Still, some consumer advocates are skeptical that many people will use the approach.
"It's conceivable that some people may do this, but I think it will be pretty limited," said Tim Jost, a law professor at Washington and Lee University.
He added there is a gray area between overestimating one's income and intentionally lying to the government.
Catherine E. Livingston, a tax attorney with Jones Day in Washington, said "I think it would be quite challenging to prove they intentionally lied."
But even if people with incomes at the poverty level qualify for subsidies for private insurance, the coverage might still be unaffordable, said Laura Goodhue, executive director of the consumer advocacy group Florida CHAIN.
That's because they would owe as much as 2 percent of their income towards the cost of the premium and could still have co-pays and deductibles. The health law does provide those under 250 percent of the poverty level with additional subsidies to lower these out-of-pocket costs.
Under regulations released in July, all the exchanges or marketplaces must first check the income level that an individual reports on his or her application against a federal database that contains data on the applicant's federal income tax returns as well as Social Security and current wage data.

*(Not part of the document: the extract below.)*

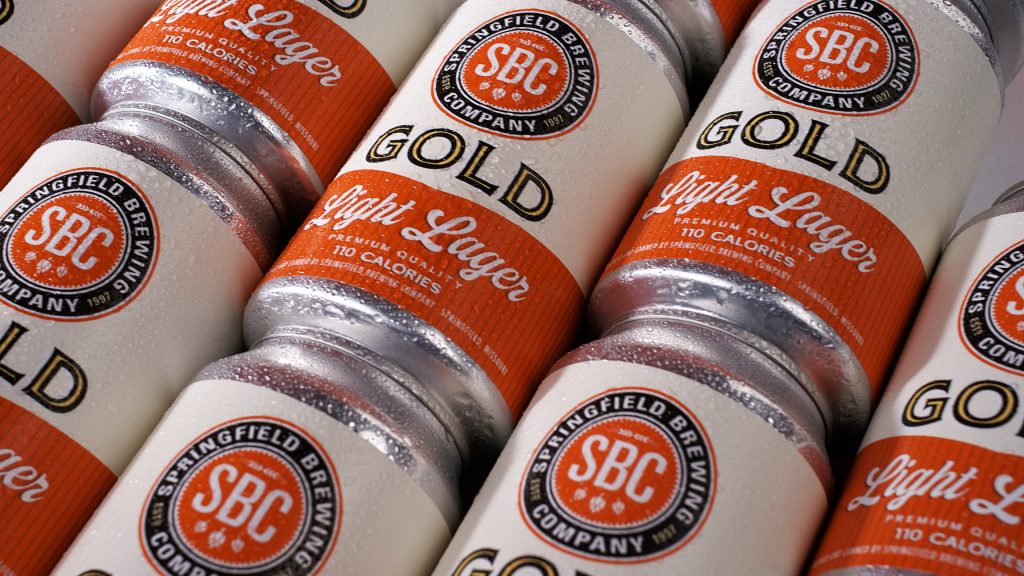 Pattern of Gold Light Lager cans arranged for a tabletop beer advertising campaign case study.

But if an individual projects their income up to 10 percent higher than shown in electronically available data such as a prior tax return, there will be no questions asked. If there is more than a 10 percent discrepancy, the exchanges will ask for more information, such as a pay stub. If an applicant is unable to provide such data, the regulations allow the exchanges in 2014 to rely on the individual's "self-attestation" to determine the subsidy. This applies only when someone overestimates their income, according to a spokeswoman for Health and Human Services.
The reverse situation -- when someone underestimates their income to qualify for a larger subsidy -- would trigger requests for more documentation and in that case, the officials say they will rely on the electronic data. If they did receive a larger subsidy than their income warranted, they would have to pay money back on their following year's taxes.

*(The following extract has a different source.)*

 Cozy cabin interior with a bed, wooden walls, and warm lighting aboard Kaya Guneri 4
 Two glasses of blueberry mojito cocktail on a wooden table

Several advocates who are involved in educating their communities about the new health insurance exchanges say they would not encourage people to do anything that might appear fraudulent.
"The population tends to worry more about getting in trouble with the IRS than worrying about not having health insurance," said Moriba Karamoko, director of the Louisiana Consumer Healthcare Coalition. Louisiana is not expanding Medicaid. "For me to suggest to anyone that they estimate to be higher when there is no reasonable expectation of that would be irresponsible, if not criminal."
Most said they were unaware that people below the poverty level who overestimate their income would not have to repay the subsidy if later found ineligible.